The latest effort to renovate the transit hub is being dogged by turf wars, questions over funding and obscure secret documents, which will sound familiar to anyone who watched the last two efforts to renovate the station fall apart under their weight as real estate scams masquerading as transit improvements.

It was supposed to be different this time, even as it started with a tempter tantrum by a reality-TV-star-turned-Transportation-Secretary, but now it looks once again like a real-estate scam masquerading as a transit improvement done at the behest of Donald Trump.

We know how hard it is to keep all these trains of thought on the right track, but that’s why we have The Explainer to stoke the engine, starting with your most basic questions:

So, um, what was last week’s pissing match about?

You may have thought the exchange of anguished letters were the province of 19th-century epistolary literature, but Amtrak special adviser Andrew Byford and MTA Chairman and CEO Janno Lieber proved you wrong last week.

Byford began the fusillade with a letter asking Lieber to sign a “memorandum of agreement” for the ongoing Penn Station renovation, but before he sent it to Lieber, he sent it to several reporters for the purposes of having said reporters to write stories that essentially came down to, “Wow why is Janno Lieber being so unreasonable?”

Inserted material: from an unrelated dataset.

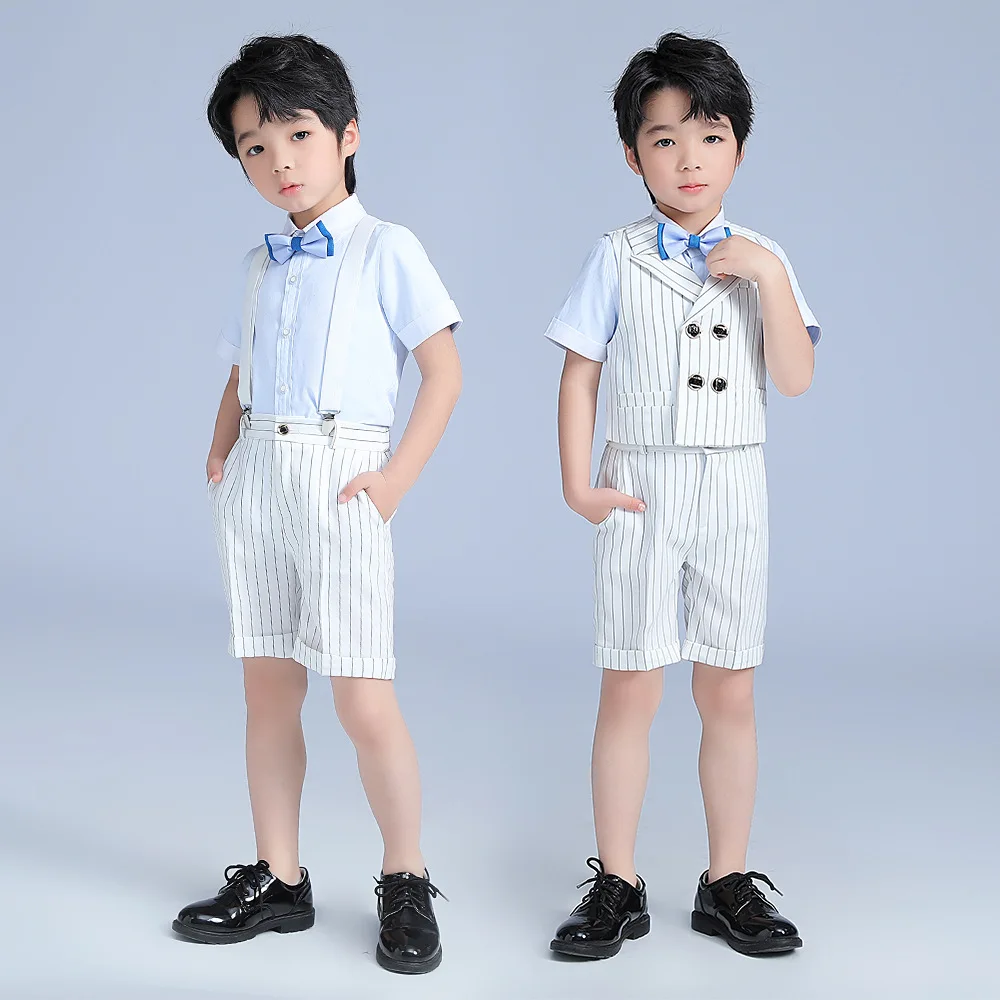 

Prince Kids Summer Shirt Suspender Shorts Bowtie 4PCS Formal Suit Boys Wedding Photography Suit Child Costume Teenager Uniform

This ticked off Lieber, who sent Byford a letter of his own informing him that the MTA essentially did not trust the Briton, and that instead of signing an agreement, the agency would rely on the various rights it has under its existing very long, pre-paid lease to operate out of Penn.

The subtle burbling tension around the Penn project finally exploded into obvious and boiling tension. Just in time!

But this kind of tension is baked into the Penn Station project, right?

In one way or another, yes. People have moaned about restoring the grandeur of the old Penn Station since even before it was fully knocked down, and many elected officials have vowed to make things right. The most recent attempt started, as so many things, with a big Andrew Cuomo power play.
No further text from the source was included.